= François Bonaventure Arago =

French politician (1754–1814)

François Bonaventure Arago (30 January 1754 – 24 December 1814) was a French politician. He was also the father of the "Arago brothers".

==Early life and education==
François Bonaventure Arago was born on 30 January 1754 in Estagel, Roussillon, into a family of wealthy landowners. He was orphaned at the age of one, and then raised by his uncle, a priest who enrolled him in law school in Perpignan. In 1774, he received a bachelor's degree in law from the University of Perpignan.

==Career==
After receiving a university education, he became involved in the municipal administration of Estagel at an early age, becoming manager of the community's mills in 1781, first consul in 1786, and then municipal collector in 1787.
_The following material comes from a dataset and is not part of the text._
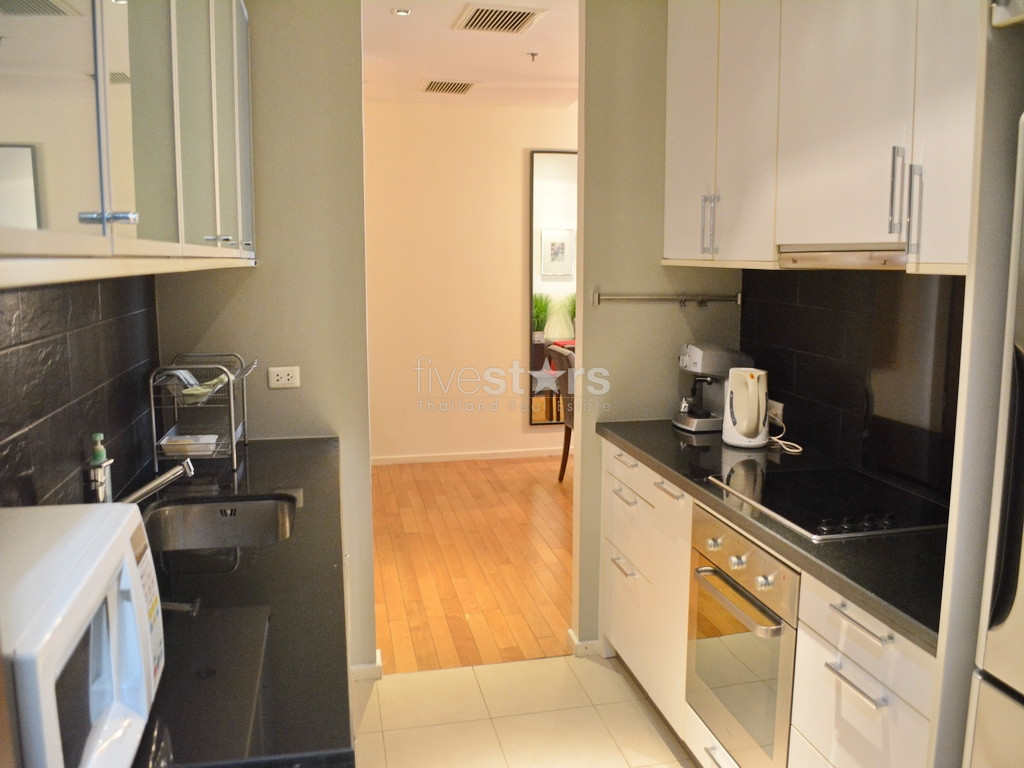 Appartement 2 chambres à louer à 300 mètres du BTS Asoke, photo 4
A supporter of new ideas, he was one of the notables who rallied to the French Revolution after 1789. He became mayor of Estagel in 1790, justice of the peace for the canton of Estagel, a member of the Departmental Council and then the Departmental Directory in 1791, commander of the National Guard during the Franco-Spanish War of 1793, president of the Departmental Directory in 1794, and from 1797 until his death, Treasurer of the Perpignan Mint.

==Personal life==
On 12 August 1778, he married Marie Roig, with whom he had eleven children: five daughters (three of whom died in infancy) and six sons, all of whom distinguished themselves:
- Dominique François Jean (François Arago) (1786–1853), astronomer, physician and French politician
- Jean Martin (Jean Arago (1788–1836), Treasurer of the Perpignan Mint, then a general in the Mexican army
- Jacques Étienne Victor (Jacques Arago) (1790–1854), novelist, playwright and explorer
- Pierre Jean Victor (Victor Arago) (1792–1867), French soldier
- Joseph Honoré (Joseph Arago) (1796–1860), soldier in the Mexican army
- Étienne Vincent (Étienne Arago) (1802–1892), playwright and politician, mayor of Paris in 1870

Two daughters survived infancy: Rose (1782–1832) and Marguerite (1798–1859), who married Claude-Louis Mathieu in 1824.

He died on 24 December 1814 in Perpignan.

==Bibliography==
- Frénay, Étienne (2009). "Les Arago, acteurs de leur temps (actes du colloque de Perpignan, 2003)"
- Sarda, François (2011). "Nouveau Dictionnaire de biographies roussillonnaises 1789-2011, vol. 1 Pouvoirs et société, t. 1 (A-L)"
- Sarda, François (2002). "Les Arago : François et les autres"
- Toulotte, Muriel (1993). "Étienne Arago: 1802-1882 Une vie, un siècle"
- The personal papers of the Arago family are kept in the French National Archives under the code 348AP. They can be consulted in the form of microfilms.